Noise disrupts sleep, and that’s bad for health

Photo credit: Ivan Oboleninov

by Daniel Fink, MD, Chair, The Quiet Coalition

In a recently-published editorial, Mathias Basner, one of the world’s leading experts on the effects of noise on sleep, discusses how noise disrupting sleep leads to long-term health consequences. As Basner notes, it has long been known that environmental noise exposure is associated with multiple adverse non-auditory health effects, including cardiovascular disease, diabetes, cancer and neurodegenerative disease. But what’s new, as Basner describes in his editorial, is the emphasis that nighttime noise exposure causing sleep disruption is likely is the important factor, not total or daytime noise exposure.

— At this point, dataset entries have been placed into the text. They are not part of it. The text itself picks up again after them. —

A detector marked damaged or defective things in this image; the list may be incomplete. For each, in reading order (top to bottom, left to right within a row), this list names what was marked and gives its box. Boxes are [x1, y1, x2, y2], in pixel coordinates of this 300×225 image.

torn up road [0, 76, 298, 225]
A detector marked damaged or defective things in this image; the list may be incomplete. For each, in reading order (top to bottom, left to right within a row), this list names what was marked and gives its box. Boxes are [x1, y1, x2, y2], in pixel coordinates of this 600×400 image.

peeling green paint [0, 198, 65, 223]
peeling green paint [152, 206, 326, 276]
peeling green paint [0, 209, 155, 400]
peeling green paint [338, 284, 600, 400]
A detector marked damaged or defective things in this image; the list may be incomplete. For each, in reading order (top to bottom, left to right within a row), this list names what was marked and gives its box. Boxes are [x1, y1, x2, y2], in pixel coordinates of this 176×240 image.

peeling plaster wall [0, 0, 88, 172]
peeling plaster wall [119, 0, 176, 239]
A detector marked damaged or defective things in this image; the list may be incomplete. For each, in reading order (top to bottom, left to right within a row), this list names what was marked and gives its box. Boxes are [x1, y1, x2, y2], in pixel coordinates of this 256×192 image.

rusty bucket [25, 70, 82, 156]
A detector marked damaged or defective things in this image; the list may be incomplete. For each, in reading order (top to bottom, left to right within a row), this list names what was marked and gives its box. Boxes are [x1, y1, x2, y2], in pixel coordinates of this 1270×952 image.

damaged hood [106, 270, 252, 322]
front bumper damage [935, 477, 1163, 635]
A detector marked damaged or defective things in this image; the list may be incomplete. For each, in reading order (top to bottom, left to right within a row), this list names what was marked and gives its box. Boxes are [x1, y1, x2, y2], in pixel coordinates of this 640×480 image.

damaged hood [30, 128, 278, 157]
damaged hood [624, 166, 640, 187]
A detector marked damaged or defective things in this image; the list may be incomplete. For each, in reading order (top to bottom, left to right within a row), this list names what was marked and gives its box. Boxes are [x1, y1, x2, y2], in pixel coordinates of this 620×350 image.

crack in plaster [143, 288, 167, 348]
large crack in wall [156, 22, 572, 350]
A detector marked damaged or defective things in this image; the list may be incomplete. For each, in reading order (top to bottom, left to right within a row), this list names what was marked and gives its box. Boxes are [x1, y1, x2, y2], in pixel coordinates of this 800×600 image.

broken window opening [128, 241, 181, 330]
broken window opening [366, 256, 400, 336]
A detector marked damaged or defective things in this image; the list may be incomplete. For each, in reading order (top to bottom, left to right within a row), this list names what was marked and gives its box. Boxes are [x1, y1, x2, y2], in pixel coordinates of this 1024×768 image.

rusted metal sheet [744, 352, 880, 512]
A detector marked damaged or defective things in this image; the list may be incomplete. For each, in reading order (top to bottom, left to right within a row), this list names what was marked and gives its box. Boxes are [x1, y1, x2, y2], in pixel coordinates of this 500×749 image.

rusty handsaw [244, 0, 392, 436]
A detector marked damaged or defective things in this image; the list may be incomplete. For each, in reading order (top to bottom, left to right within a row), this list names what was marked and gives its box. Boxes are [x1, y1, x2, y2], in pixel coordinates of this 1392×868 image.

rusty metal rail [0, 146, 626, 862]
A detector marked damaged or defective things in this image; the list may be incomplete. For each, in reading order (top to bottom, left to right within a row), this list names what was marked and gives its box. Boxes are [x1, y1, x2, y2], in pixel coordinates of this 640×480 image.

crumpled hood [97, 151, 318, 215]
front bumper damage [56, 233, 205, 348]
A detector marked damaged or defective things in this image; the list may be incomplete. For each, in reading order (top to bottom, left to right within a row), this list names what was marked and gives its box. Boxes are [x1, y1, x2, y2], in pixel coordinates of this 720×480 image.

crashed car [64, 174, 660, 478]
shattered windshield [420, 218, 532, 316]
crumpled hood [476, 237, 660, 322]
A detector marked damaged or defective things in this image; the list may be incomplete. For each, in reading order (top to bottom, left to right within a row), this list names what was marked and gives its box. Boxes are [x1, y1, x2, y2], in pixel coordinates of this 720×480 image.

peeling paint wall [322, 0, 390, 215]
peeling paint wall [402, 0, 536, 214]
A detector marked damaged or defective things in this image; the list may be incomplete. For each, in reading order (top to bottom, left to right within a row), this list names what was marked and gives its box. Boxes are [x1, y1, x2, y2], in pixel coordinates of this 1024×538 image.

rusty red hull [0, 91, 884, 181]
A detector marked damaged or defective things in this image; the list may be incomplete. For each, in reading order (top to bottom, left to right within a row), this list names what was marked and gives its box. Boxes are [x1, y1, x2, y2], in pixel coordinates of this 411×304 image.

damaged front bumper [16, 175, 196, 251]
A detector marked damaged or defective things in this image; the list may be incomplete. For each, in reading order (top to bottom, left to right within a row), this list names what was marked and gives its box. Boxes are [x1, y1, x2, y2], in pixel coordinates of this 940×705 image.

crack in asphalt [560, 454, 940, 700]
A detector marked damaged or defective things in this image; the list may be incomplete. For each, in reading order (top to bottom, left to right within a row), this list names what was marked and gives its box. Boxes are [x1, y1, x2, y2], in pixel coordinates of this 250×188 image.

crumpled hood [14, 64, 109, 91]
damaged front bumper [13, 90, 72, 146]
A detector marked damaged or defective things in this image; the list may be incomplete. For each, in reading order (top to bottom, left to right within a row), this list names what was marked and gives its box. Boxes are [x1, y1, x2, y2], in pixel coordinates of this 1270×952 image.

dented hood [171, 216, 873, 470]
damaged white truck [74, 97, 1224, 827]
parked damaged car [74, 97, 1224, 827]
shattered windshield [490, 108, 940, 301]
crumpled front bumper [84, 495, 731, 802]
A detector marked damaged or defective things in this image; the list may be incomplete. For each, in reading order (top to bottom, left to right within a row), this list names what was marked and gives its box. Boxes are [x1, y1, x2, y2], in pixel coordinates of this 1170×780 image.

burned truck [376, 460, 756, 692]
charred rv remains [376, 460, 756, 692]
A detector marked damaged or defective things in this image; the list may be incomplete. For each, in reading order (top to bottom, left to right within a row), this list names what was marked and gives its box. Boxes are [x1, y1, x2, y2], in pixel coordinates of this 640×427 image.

My interest is a safe noise exposure level to prevent auditory disorders. So, I am familiar with literature about the non-auditory health effects of noise exposure but not at a detailed level. I learned that humans habituate to noise, but still react to individual noise events even after years-long exposure. Basner found that, “compared to cortical arousals, autonomic arousals habituate to a much lesser degree with likely implications for long-term health consequences.”

Basner also cites my paper on the new definition of noise: noise is unwanted and/or harmful sound. This new definition, adopted by the International Commission on Biological Effects of Noise last year, acknowledges the harmful health effects of both wanted and unwanted noise exposure — something not considered by the obsolete definition: noise is unwanted sound.

We hope Basner’s editorial and the continued stream of publications looking into the adverse health effects of noise will eventually lead to a quieter, healthier and better world for all.